Taking Back Data

New Mexico startup TARTLE offers customers the chance to sell their info on the open market

Last January, the Pew Research Center reported on Americans' understanding of the online algorithms that compile information about our habits, preferences and identities. Put simply, most commercial sites gather data on users' behavior (and sell it to data brokers). Using Facebook as an example, Pew surveyed users to determine how well they understood the platform's practice of collecting such information: 74% did not realize Facebook was maintaining lists of their preferences and traits, while 27% did not believe the classifications properly represented them.

A New Mexico startup believes its platform will both help people take control of their data as well as ensure the information they provide to companies accurately reflects who they are.

TARTLE co-founder Alexander McCaig, whose company launched in 2017 and went live last August, says the idea came to him and co-founder Jonathan Shelon during a conversation in a New York City steakhouse (before McCaig went vegan).

"I was like, 'All these people are creating swaths of information,'" McCaig recalls of their conversation, "'but they're not receiving value for it.'"

The two Temple University alumni went on to create TARTLE (https://tartle.co), an online marketplace in which users can link their social profiles and sell data packets of their information anonymously for cryptocurrency (Bitcoin). For entities purchasing data, the process eliminates data brokers. For data creators (aka everyone who uses the internet), the marketplace puts control back in their hands and monetizes information they, rightfully, should own.

Putting people in charge of their own data, McCaig maintains, addresses many of the myriad current concerns about data and privacy.

"It's under scrutiny because you're not the one controlling that information," he says. "It's under scrutiny because other people are moving your information back and forth without your consent."

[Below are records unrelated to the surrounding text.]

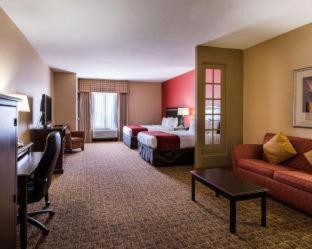 King Room with Sofa Bed - Non-Smoking - Photo 4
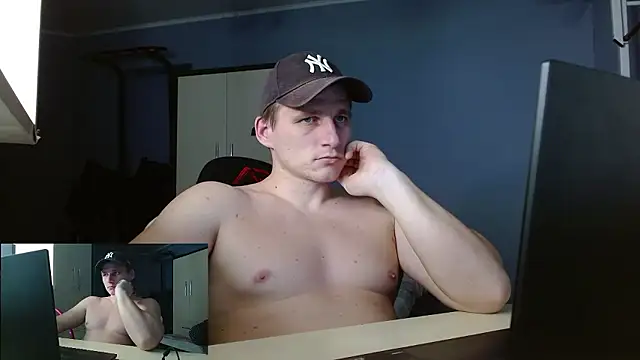 Poliglotjoe1 online show from 01-17-26, 02:38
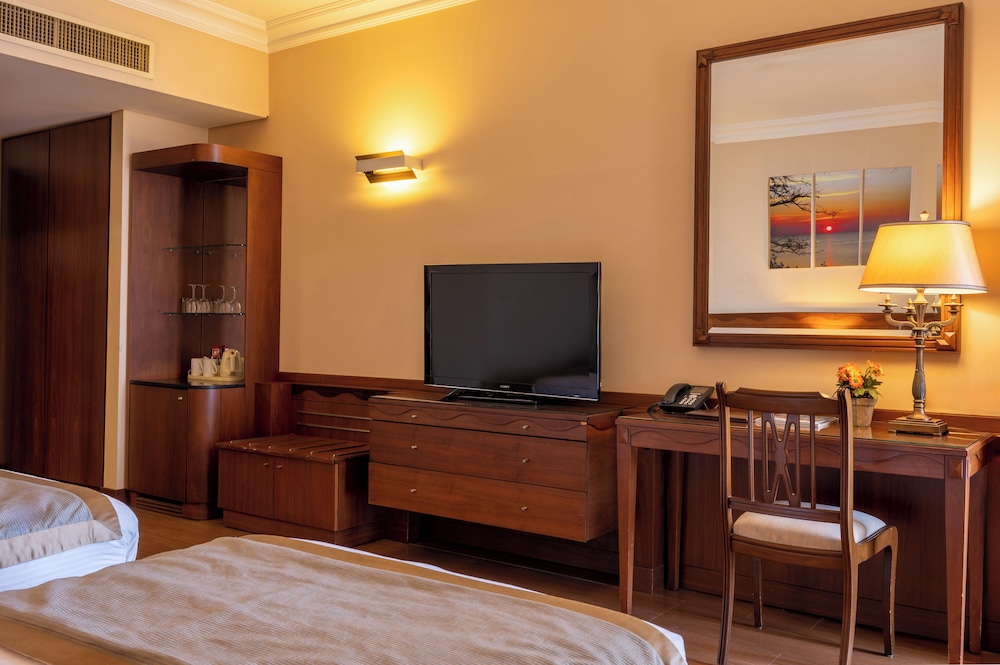 GOLDEN TULIP JIYEH MARINA RESORT 19/50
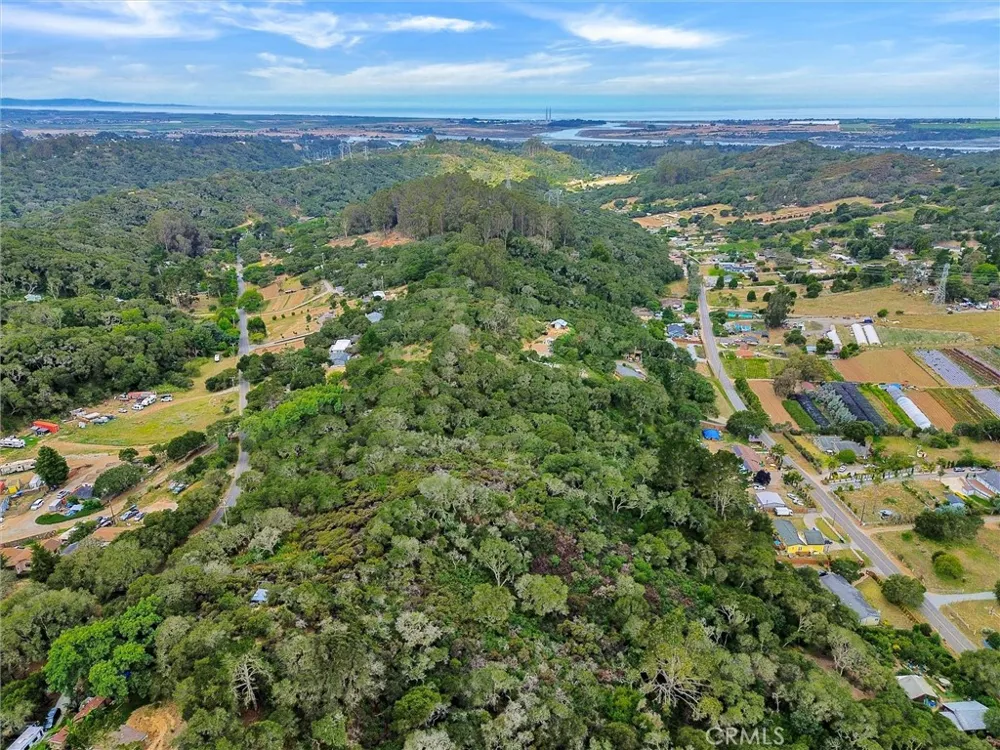 221 Tucker Road Royal Oaks, CA 95076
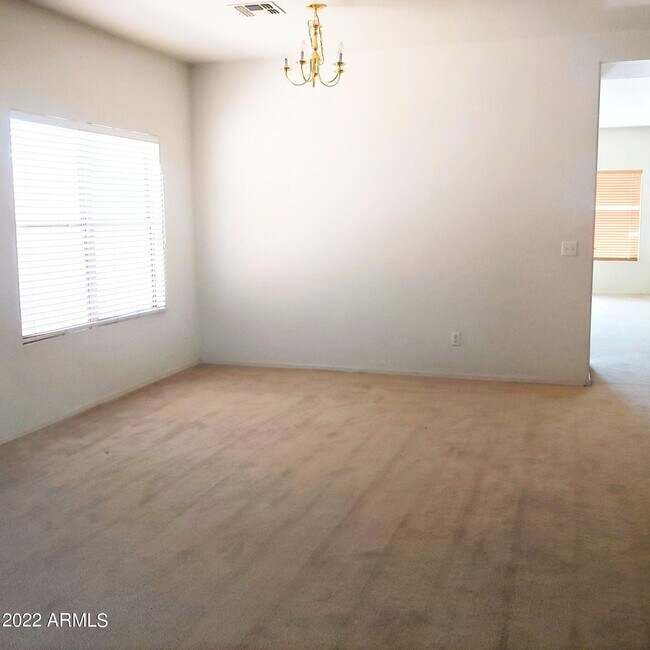 Building Photo - 625 W Silver Reef Ct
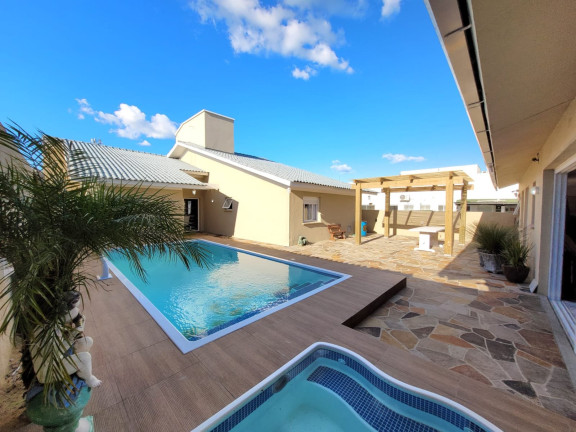 Imagem Casa com 3 Quartos à Venda,  em Atlantida - Xangri-lá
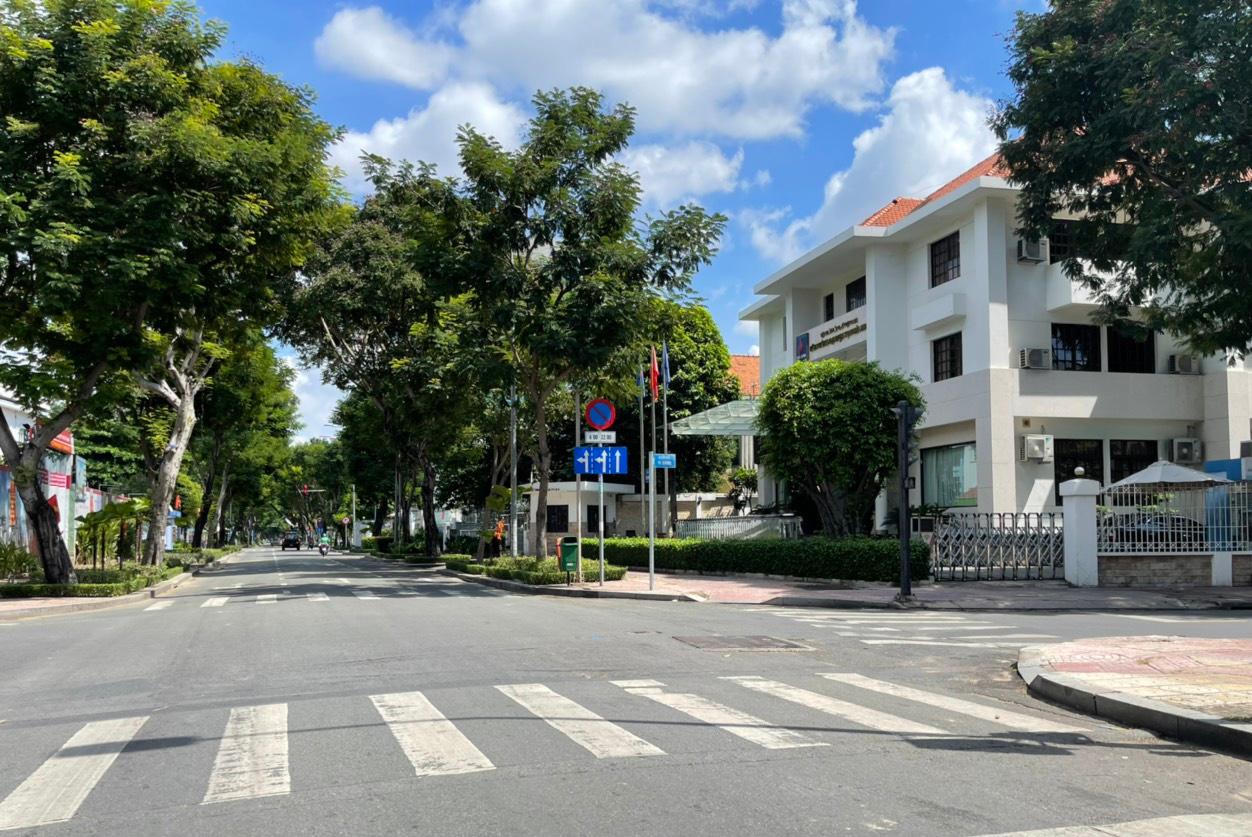 Một TP HCM yên tĩnh động lòng người...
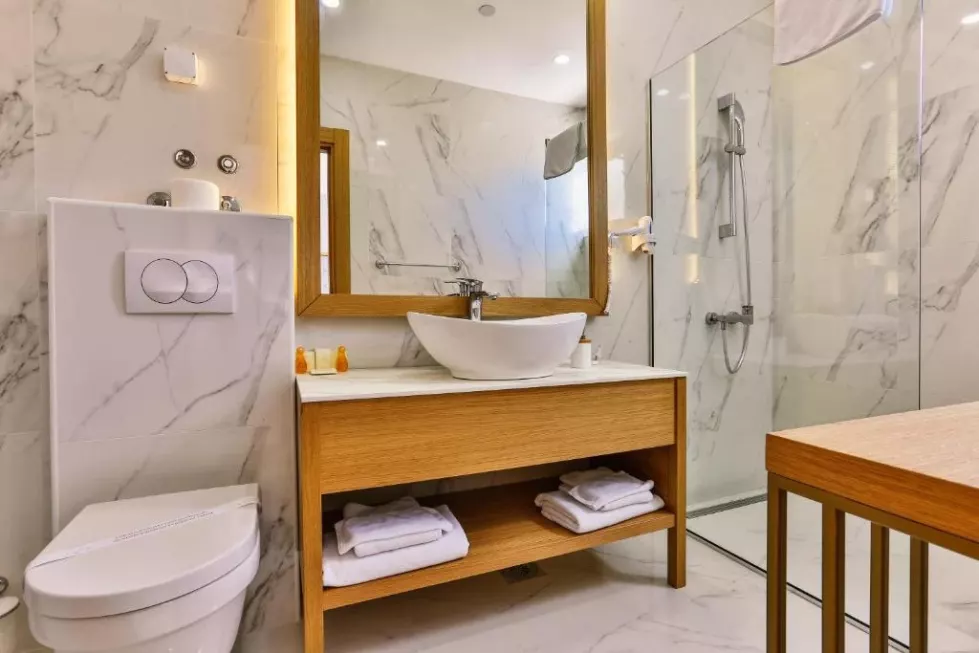 Viešbutis „HOTEL LUSSO MARE BY AYCON“ (Bečiči, Tivatas, Juodkalnija)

That certainly is a large element of the current scrutiny. On Jan. 1, the new California Consumer Privacy Act went into effect, allowing users to access personal data some companies have collected, demand that information be deleted and prevent it from being sold to third-party brokers. In last year's New Mexico legislative session, state Sen. Michael Padilla, D-Albuquerque, introduced a bill that echoed elements of California's law, but the measure died. Padilla told AdWeek magazine recently he plans to reshape and reintroduce the bill in the future.

Back to TARTLE. Co-founder Shelon still resides in New York. McCaig moved to Albuquerque, and TARTLE is located at the Santa Fe Business Incubator. (The name is an all-caps version of a Scottish word describing hesitation when trying to remember someone's name.) McCaig sees his company as having multiple points of impact. When he's talking to the general public, he says, he's asked to explain why people would sign up to sell their own information. The answer is simple: money. The range for records varies—an average of $320 for a medical record each time you sell it versus maybe a buck for your Facebook data. "It's a financial incentive," he says. Then on top of that, "You get privacy. You get control." For him, the TARTLE marketplace is a way "to reset a power imbalance and ensure there's a tool to do so. I want to show that people are the ones who have always had the true power and they've forgotten that. We are the ones who determine what people do with their resources."

In other words, he says, if companies rely directly on consumers to share their behaviors, proclivities and desires, "that means we have…an objective idea of what we need to do with with our resources, our environment, our finances, social movements, political changes. There's no reason anymore, there's no excuse, for us to make any bad decisions, because all the information is available to us."

I found McCaig convincing, while at the same time had Black Mirror images of myself in some decrepit future attached to a computer asking me endless questions about what flavor of biogenetic ice cream I wanted to eat.

Travis Kellerman, a startup strategist and advisor described as TARTLE's "futurist advisor," tells me that while that sort of dystopian response might have been more accurate years ago, the system uses automation, so people aren't just "part of click farms" sitting in front of computers all day long answering questions. Kellerman also agreed with me that, yes, everything can be connected to The Matrix. In this case, though, he says the system is designed to give people back their agency, not enslave them. "It's in the mission statement," he says. "And in the design of the platform itself."

He sees TARTLE as having a "big lift" to scale and democratize the data economy. But "I really believe in this new vision of the future around data."